The Kafka cluster size can also affect the number of threads since Karafka maintains connections with multiple brokers in a cluster. Therefore, a larger cluster size may result in more threads. A single consumer group Karafka server process in a Ruby on Rails application on a small cluster will have approximately 25 to 30 threads.

This may sound like a lot, but for comparison, Puma, a popular Ruby web server in a similar app, will have around 21 to 25 threads. It's important to note that having a higher thread count in Karafka is perfectly normal. Karafka is designed to handle the complexity of multiple brokers and consumer groups in a Kafka cluster, which inherently requires more threads.

Karafka Pro Web-UI gives you enhanced visibility into your Karafka server processes. This includes the ability to inspect the thread count on a per-process basis. This detailed view can provide invaluable insights, helping you understand how your Karafka server is performing and where any potential bottlenecks might occur.

This visibility and a sound understanding of how Karafka utilizes threads can be a great asset when troubleshooting performance issues or planning for future scalability.

If you are interested in the total number of threads your Karafka servers use, Karafka Pro Web-UI gives you visibility into this value.

This detailed view can provide invaluable insights, helping you understand how your Karafka server is performing and where any potential bottlenecks might occur.

Producer

In the current implementation, each Karafka producer employs a relatively simple threading model to efficiently handle asynchronous message delivery to Kafka. A vital characteristic of this model is that each producer instantiates at least two additional threads. Here's how these threads function:

  • Ruby Thread: The first thread operates within the Ruby environment. Its primary role is to manage communication with librdkafka, ensuring that messages are queued and sent to the Kafka cluster efficiently. This thread also handles various events and callbacks that arise during the message delivery process.

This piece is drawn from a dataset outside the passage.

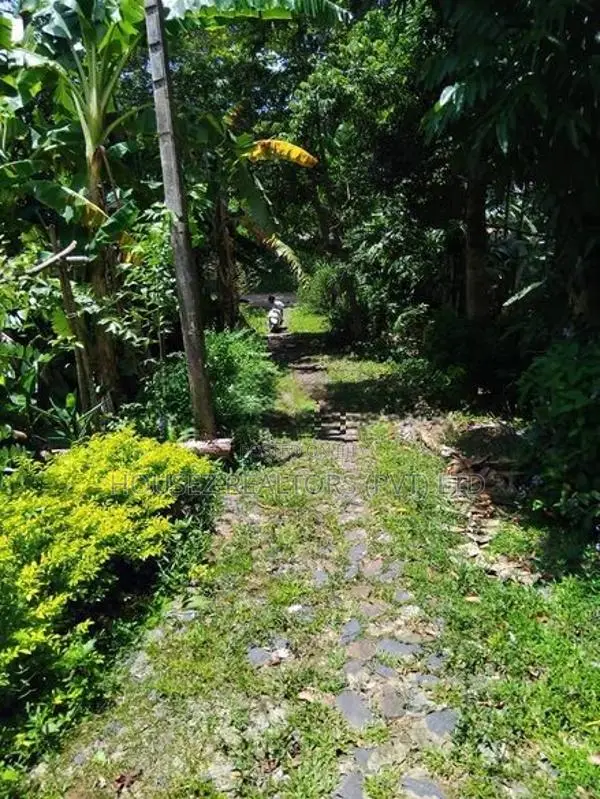 House with 26 Perches of Land for Sale in Matara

  • librdkafka Thread: The second thread is managed by librdkafka itself, the native library Karafka leverages for interacting with Kafka. This thread is crucial for performing network I/O operations and managing internal events of the Kafka protocol.

  • Broker-Specific Thread: librdkafka also creates an additional thread for each broker it connects to. This thread is solely responsible for managing communication with that particular broker and handling tasks such as message transfers, acknowledgments, and network events.

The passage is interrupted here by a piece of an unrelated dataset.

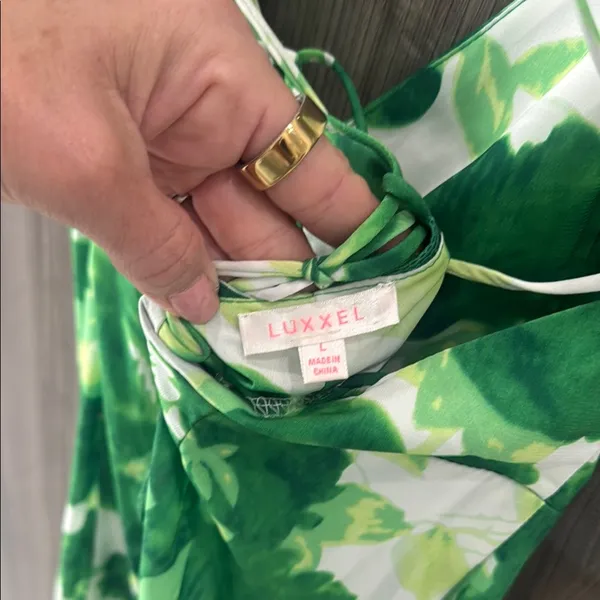Luxxel Green Floral Maxi Dress - Image 4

Despite adding these threads, the overall impact on system resources is minimal. The threads mostly wait for events or data, meaning their CPU usage is generally low, making this model highly efficient in resource consumption.

Kafka TCP Connections

Karafka's efficient management of TCP connections is substantially powered by librdkafka. This native library implements a smart connection strategy to optimize network interactions with Kafka brokers, ensuring robustness and efficiency. Below, you can find a general description of how librdkafka deals with both consumer and producer connections. Please refer to the appropriate sub-section for context-specific details.

  • Selective Connections: librdkafka only attempts to establish TCP connections with brokers necessary for its operation. This includes one of the brokers listed in bootstrap.servers, partition leaders, and specific coordinators (group and transaction). This targeted approach helps minimize unnecessary network traffic and optimizes connection management.

  • Bootstrap and Failover Mechanism: The connection process begins with the bootstrap.servers. If the first attempted bootstrap server is unavailable, librdkafka will try the next server in a randomized order. This failover mechanism ensures the client can connect to the cluster even if some brokers are down.

  • Metadata Requests: Upon establishing the first connection with any broker, librdkafka sends a Metadata request. This request is crucial as it retrieves a complete list of all brokers within the cluster, along with their roles and capabilities.

  • Broker Cache: After receiving the Metadata response, librdkafka maintains an internal cache of all broker information. This cache includes details like broker node IDs and their roles, enabling librdkafka to intelligently connect directly to the appropriate broker for specific operations like producing or consuming messages.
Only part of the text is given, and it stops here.